--- TASK INSTRUCTIONS ---
Somewhere below is a line with "Nuova Mercedes EQA250+" and, later, a line with "Left taillight RENAULT"; repeat those two lines and all the lines between them, exactly as they are.

--- RECORDS SUPPLIED ---
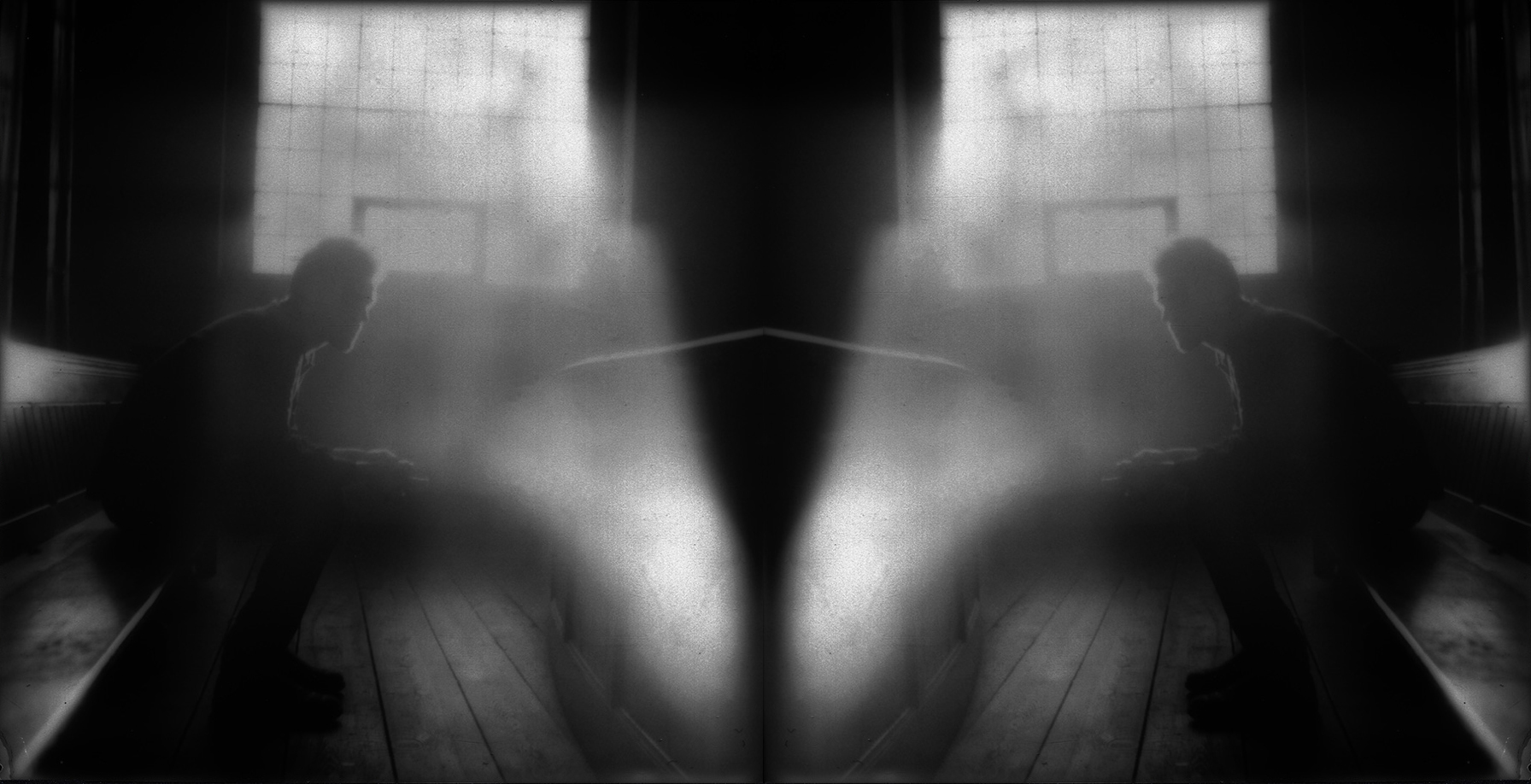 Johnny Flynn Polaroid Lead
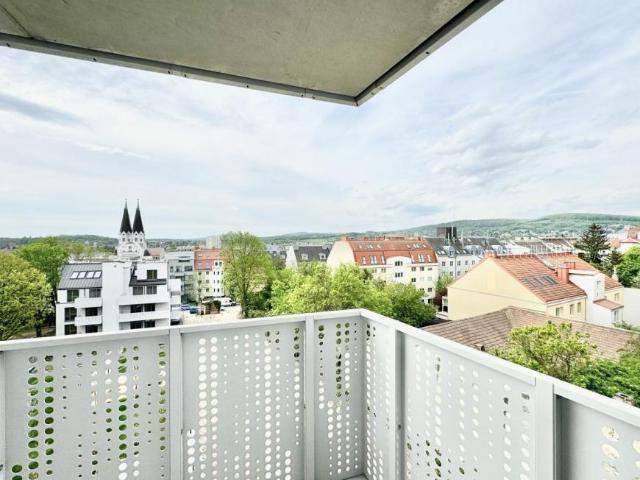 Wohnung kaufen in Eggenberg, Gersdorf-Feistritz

---

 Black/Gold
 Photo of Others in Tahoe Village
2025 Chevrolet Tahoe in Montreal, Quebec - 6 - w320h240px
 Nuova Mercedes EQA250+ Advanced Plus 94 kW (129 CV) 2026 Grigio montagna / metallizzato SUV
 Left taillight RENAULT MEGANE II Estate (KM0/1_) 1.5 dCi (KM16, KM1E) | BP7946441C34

--

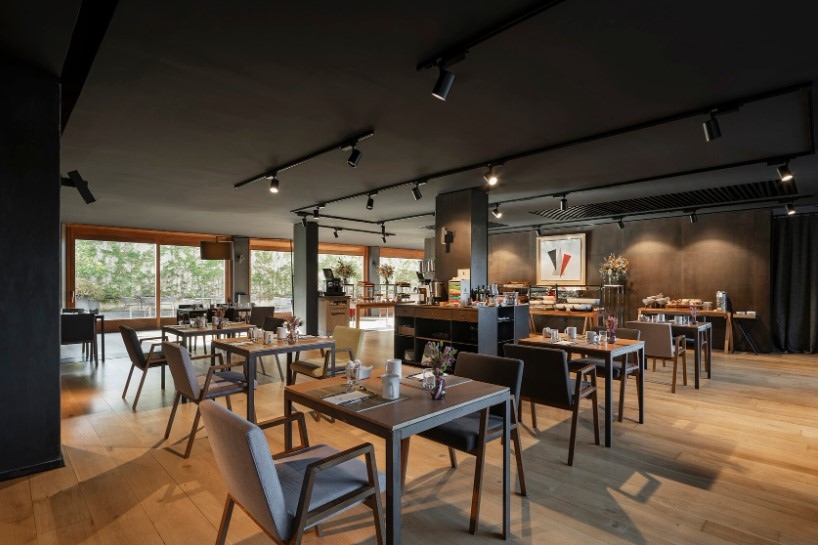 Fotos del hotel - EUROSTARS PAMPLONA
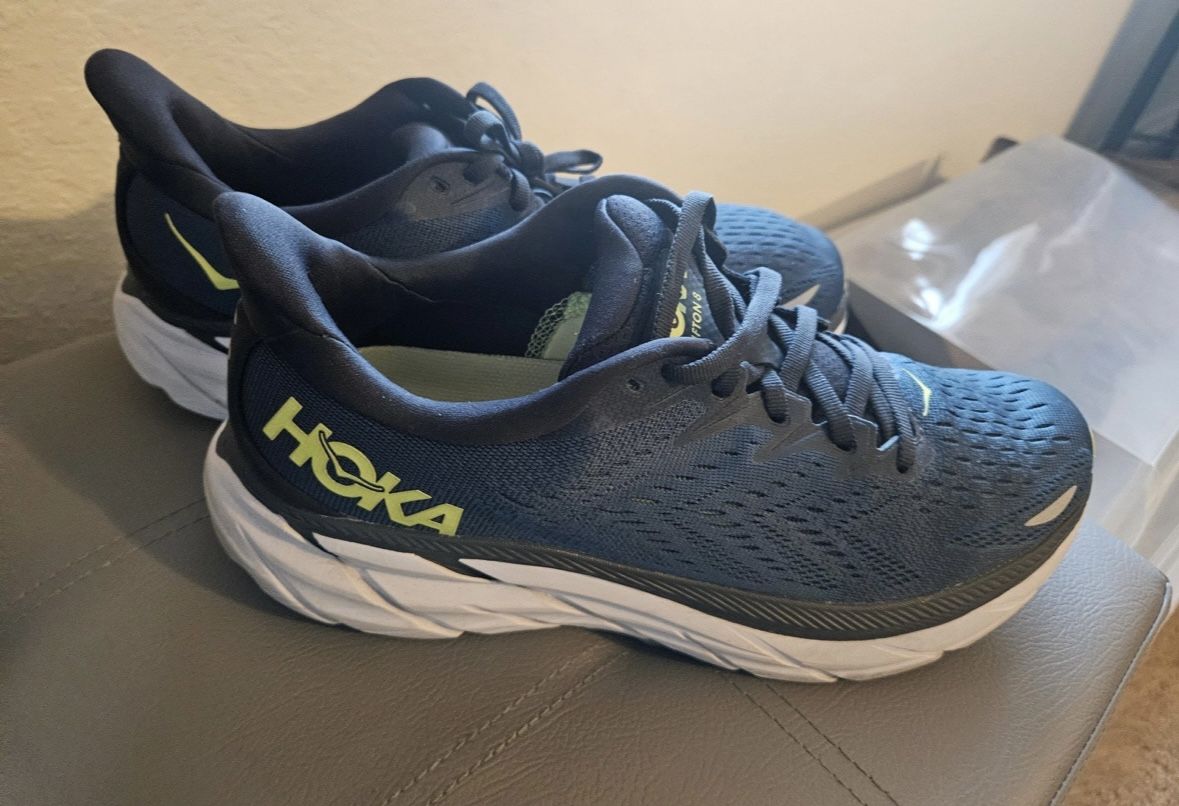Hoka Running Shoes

--- SOLUTION TO THIS TASK ---
 Nuova Mercedes EQA250+ Advanced Plus 94 kW (129 CV) 2026 Grigio montagna / metallizzato SUV
 Left taillight RENAULT MEGANE II Estate (KM0/1_) 1.5 dCi (KM16, KM1E) | BP7946441C34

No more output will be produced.